## Extracted records

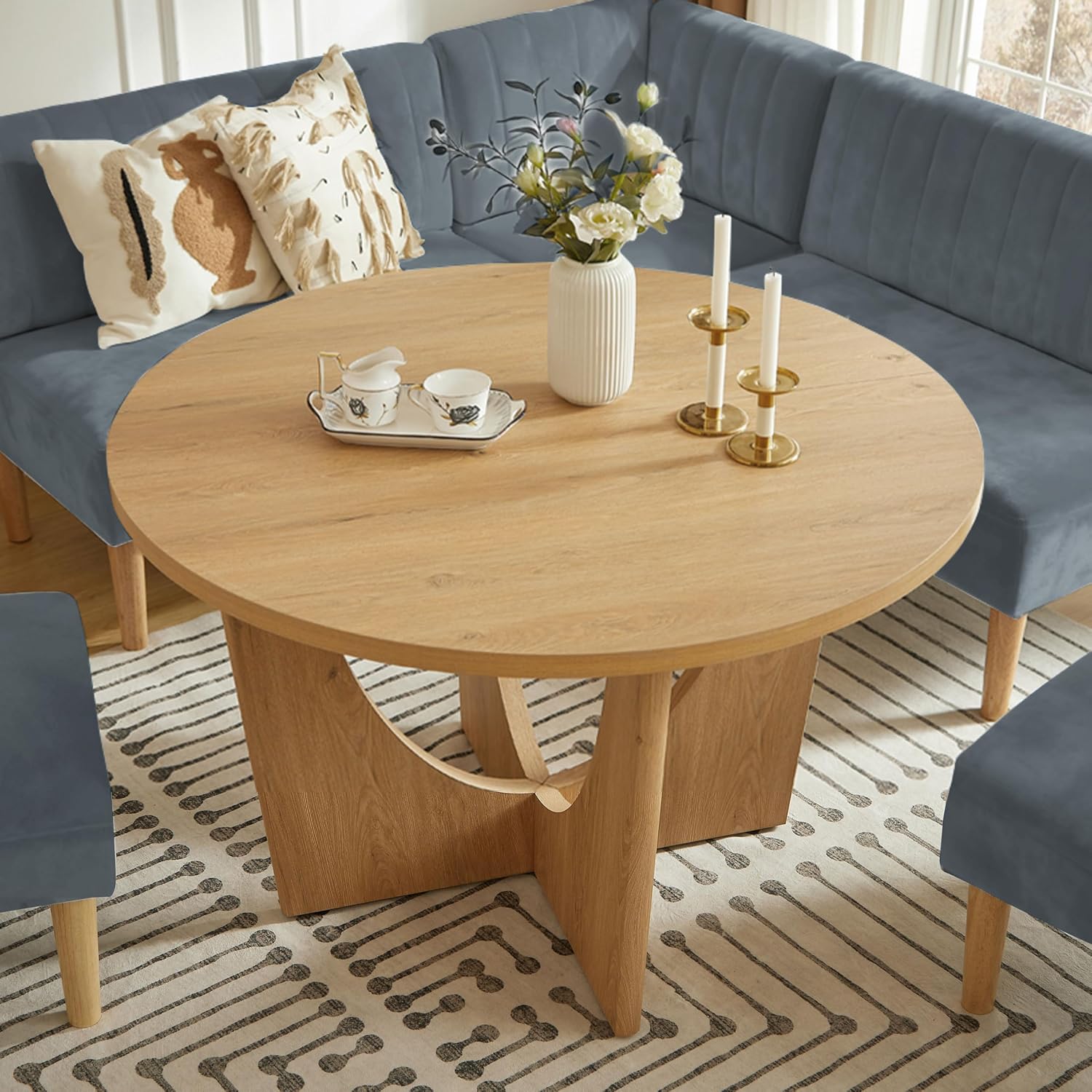 Round Dining Table Set with Loveseat & Chairs, 47 Inch Farmhouse 5-Piece Round Table Setting for 4 to 6, Wood Circle Table and Chairs Set for Kitchen,Breakfast Nook, Indoor Conversational Seating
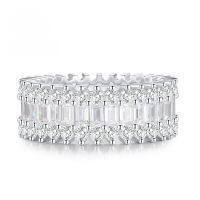 wholesale 925 Silver Jewelry New European and American Luxury Set Large Row Diamond Ring High Carbon Diamond Ring for Women Cross-border Wish-R618 White Diamond>No. 8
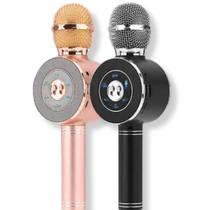 Microfone Karaokê sem fio Bluetooth Com Alto falante LED RGB - Tomate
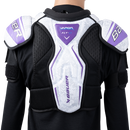 Rear view of Bauer Vapor FlyG Junior ice hockey shoulder pads in white and purple
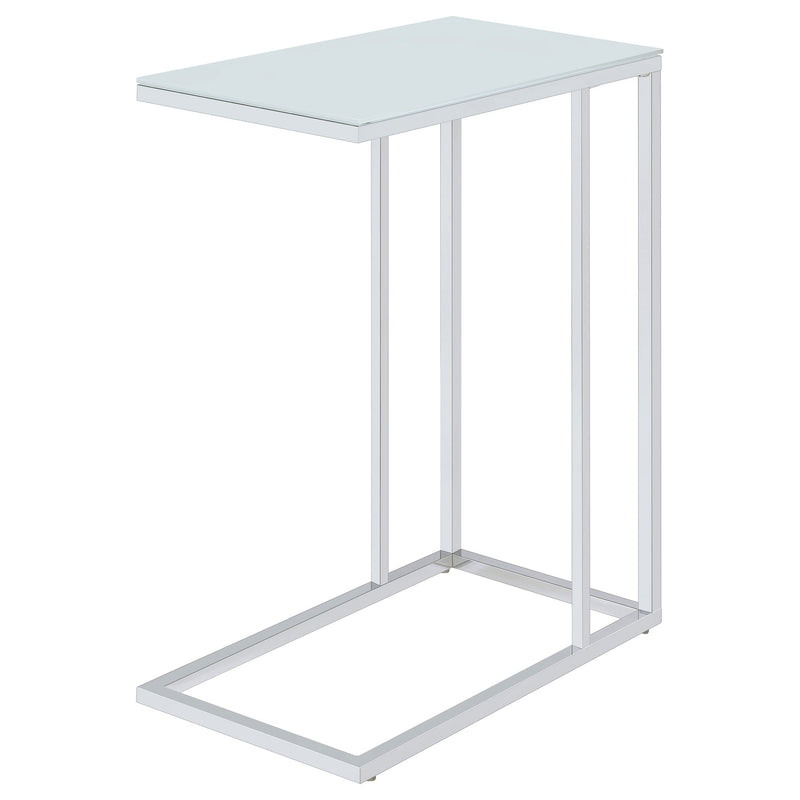 Mesa Auxiliar en Forma de C para Sofá con Tapa de Cristal Blanco Stella Cromado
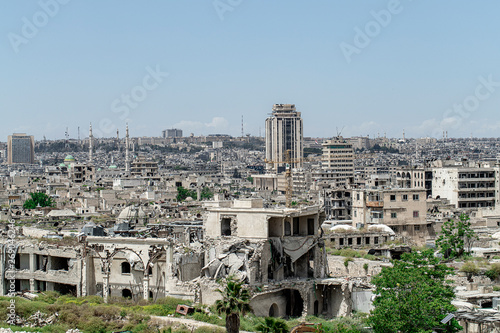 City of Aleppo and destroyed building in Syria 2019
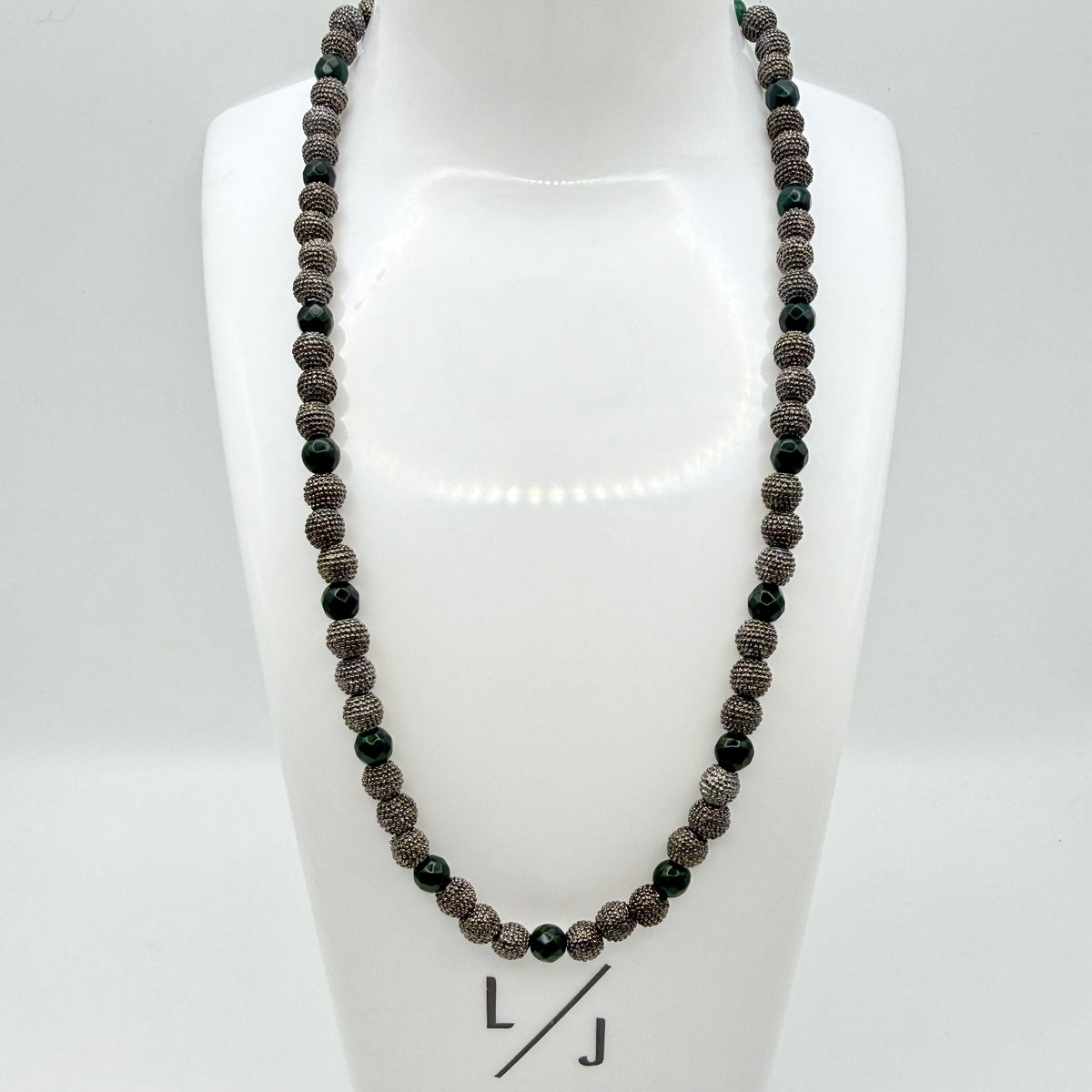 Noa emerald green jade necklace with gunmetal granulated beads handmade in California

## Activity
Each line above that falls between the line with "Rear view of" and the line with "City of Aleppo" should be printed exactly, together with those two lines, but the pictures should not.

## Final answer
 Rear view of Bauer Vapor FlyG Junior ice hockey shoulder pads in white and purple
 Mesa Auxiliar en Forma de C para Sofá con Tapa de Cristal Blanco Stella Cromado
 City of Aleppo and destroyed building in Syria 2019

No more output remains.